Inviato: lun, 27 lug 2009 17:44
Ahimè, più rara è la mia frequentazione di questo forum benemerito, e tuttavia così pervasive le questioni della lingua che il pensiero spesso precorre gli spazi virtuali e guarda a codesta accoglienza come a un momento peculiare (anche rilassato) di riflessione linguistica.
Un evento si segnala soltanto dopo una certa concomitanza di altri fatti minori, che comportano, in chi nota, dapprima un determinato stato d’animo, l’impressione che qualcosa si stia ripetendo, e che questa ripetizione ammetta, quando non la chiede, un’interpretazione; infine una volontà e una domanda, con l’esigenza di trovare una risposta. Spesso in questa risposta riformuliamo una parte di «noi», ovvero riorganizziamo un aspetto complesso del reale che ci riguarda, un’idea pre-esistente che svela la propria natura in ‘questa’ come in tante altre immagini (intellettuali, culturali, sociali etc.) del nostro «mondo».
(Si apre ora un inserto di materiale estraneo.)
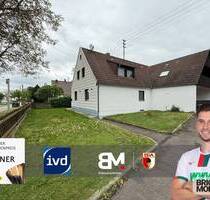 Ihr neues Zuhause in DillingenSchretzheim - großzügig, modernisiert, familienfreundlich - Dillingen an der Donau / Schretzheim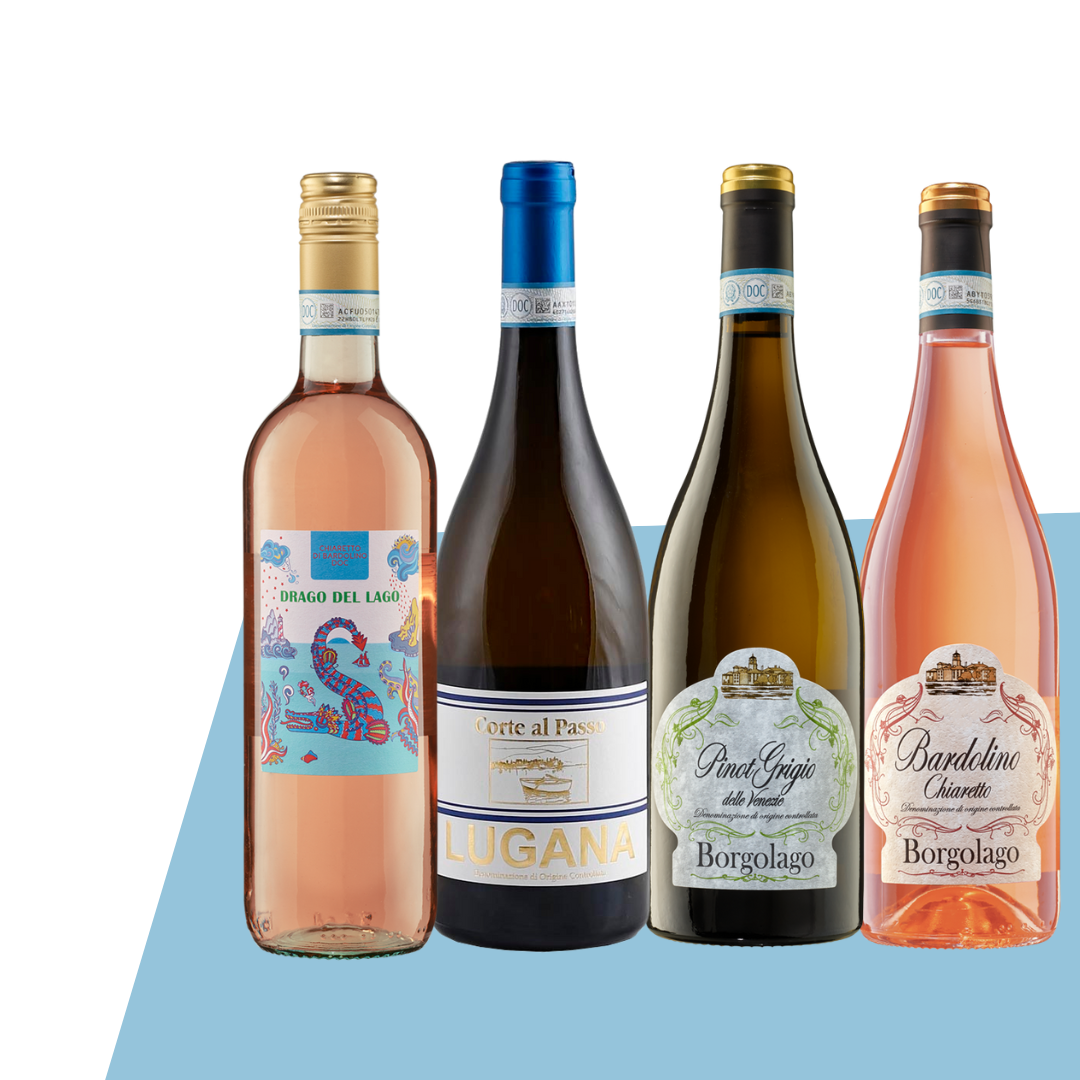 Gardasee-Weinpaket  Meravino DE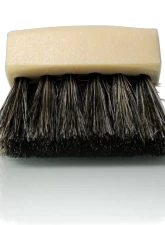 Chemical Guys Long Bristle Horse Hair Leather Cleaning Brush                                     - ACC_S95 - Image 2
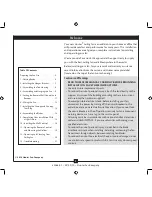 Preview for 2 page of Hunter Type 3 Models Owners And Installation Manual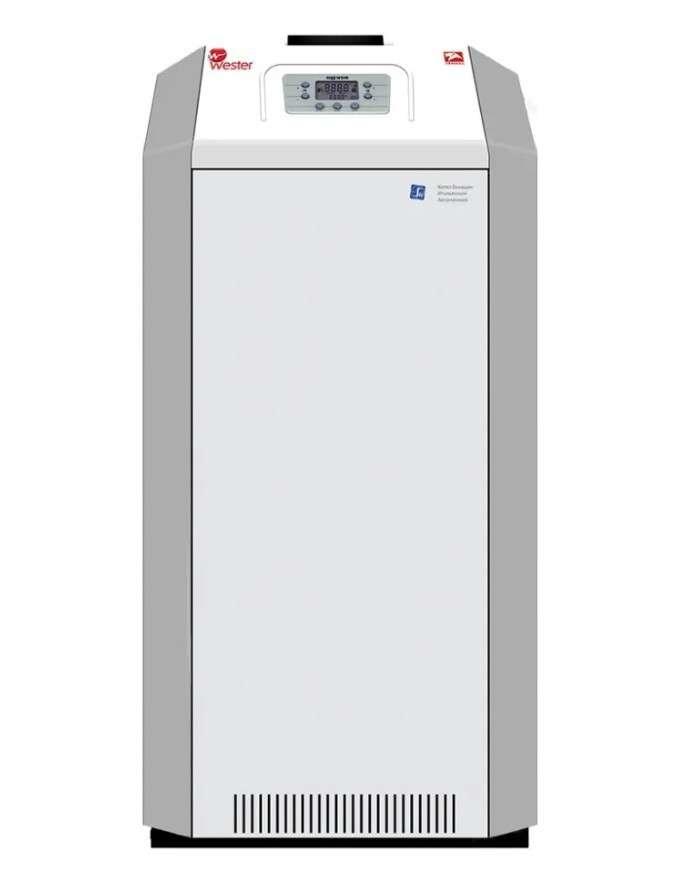 Газовый котёл Лемакс Clever 55 в Лиде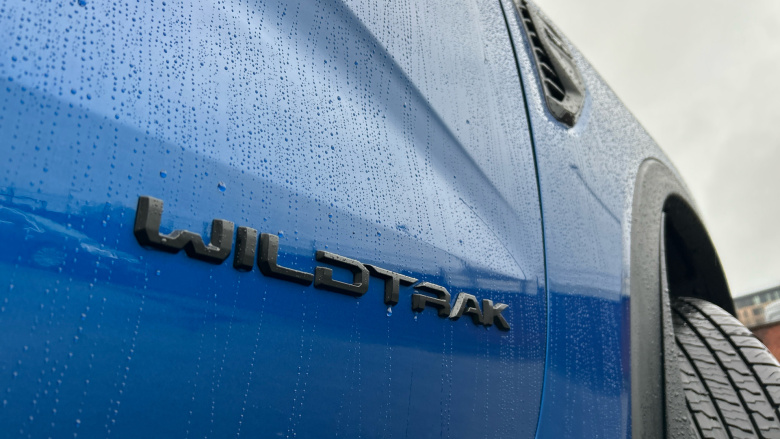 Ford Ranger Diesel Pick Up Double Cab Wildtrak 2.0 EcoBlue 205 Auto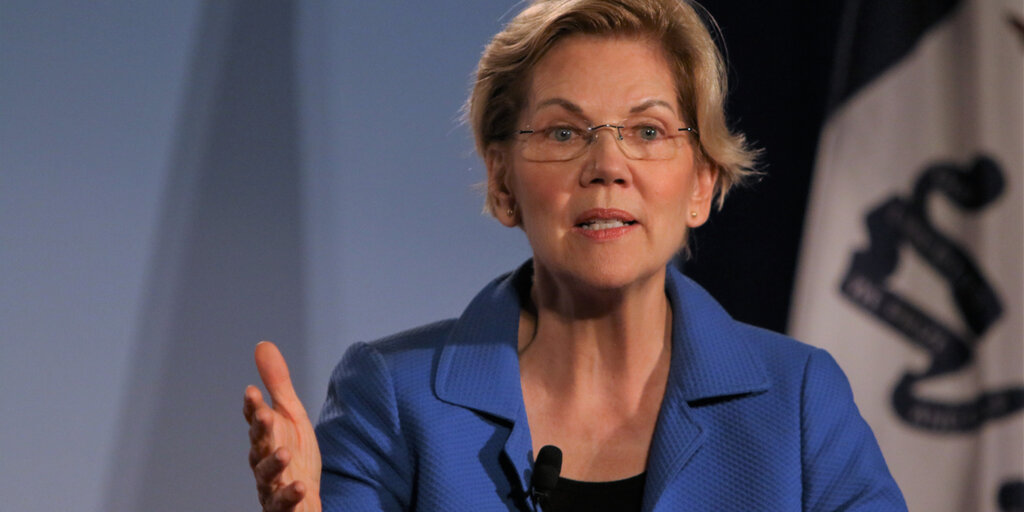 "Warren and Sanders Push for Swift Action on Crypto Tax Evasion, Billions at Stake"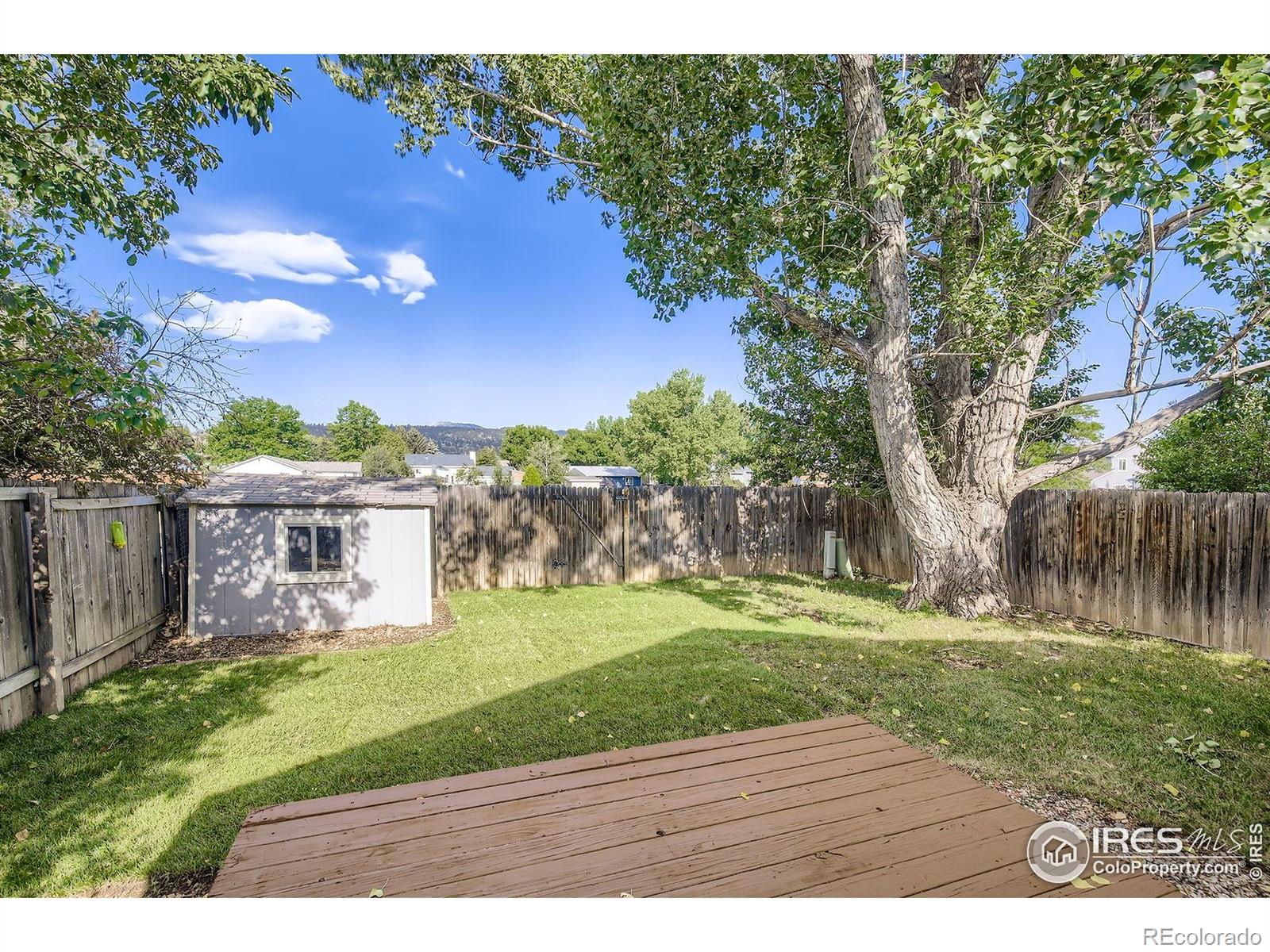 MLS Image #10 for 3633  dalton drive,fort collins, Colorado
Così, anni fa, qualcuno riferì l’imperante uso giovanile di una certa congiunzione, guardandone il significato, la valenza semantica e sintattica, attraverso uno sguardo esperto e divertito, volto a una certa temperie storica e culturale: una piccola tessera linguistica divenne più di una congiunzione, più di un nesso testuale esplicativo – un vessillo, un elemento ricorrente di un tutto infinitamente complesso assurto a specimen, un modo per comprendere un periodo storico e una certa sensibilità sociale, un ‘correlativo linguistico’ di un sotto-movimento culturale. Peraltro il paradosso era evidente: una volta pronunciata, questa congiunzione esplicava ben poco, dichiarava anche meno, il locutore incespicava ed esitava, e la proiezione fonetica di quella parola procrastinava ad libitum un contenuto che soltanto sintatticamente era pensato come acquisito e certo. Sembrava che tutta la gioventù inclinasse alla 'ragione', ovvero fosse mossa dall’impulso di voler spiegare. Vi era un bisogno, linguisticamente affermato, di chiarire, di levare le pieghe, di appianare. La presa di parola, l’articolazione del discorso, la fine di un pensiero, tutto era scandito da quel vizietto oratorio, che l’incredulo spettatore (direi un non-utente) prendeva per quello che era: un connettore testuale, una parola vuota, usata a sproposito (se non pragmaticamente). Ma la posizione di chi vedeva in quell’abuso un simbolo generazionale ribadiva la certezza ontologica – ignota all’individuo e proprio per questo da lui vissuta – che esigeva unicamente di essere ripetuta senz’altro dal maggior numero possibile di soggetti ‘pensanti’. L’incertezza individuale era annullata dalla certezza immaginata e percepita. Il dato assoluto dominava l’eloquio di un’intera popolazione e si materializzava in una volontà chiarificatrice, spersonalizzata e assente, afasicamente riformulante. Il risultato: una vasta e più o meno trasversale comunità di parlanti rinsaldata dalla convinzione di dover dichiarare «qualcosa». Nulla più: ché il «qualcosa» sfuggiva ostinatamente (parlo del frequente e ormai dimenticato cioè degli anni Ottanta del secolo scorso).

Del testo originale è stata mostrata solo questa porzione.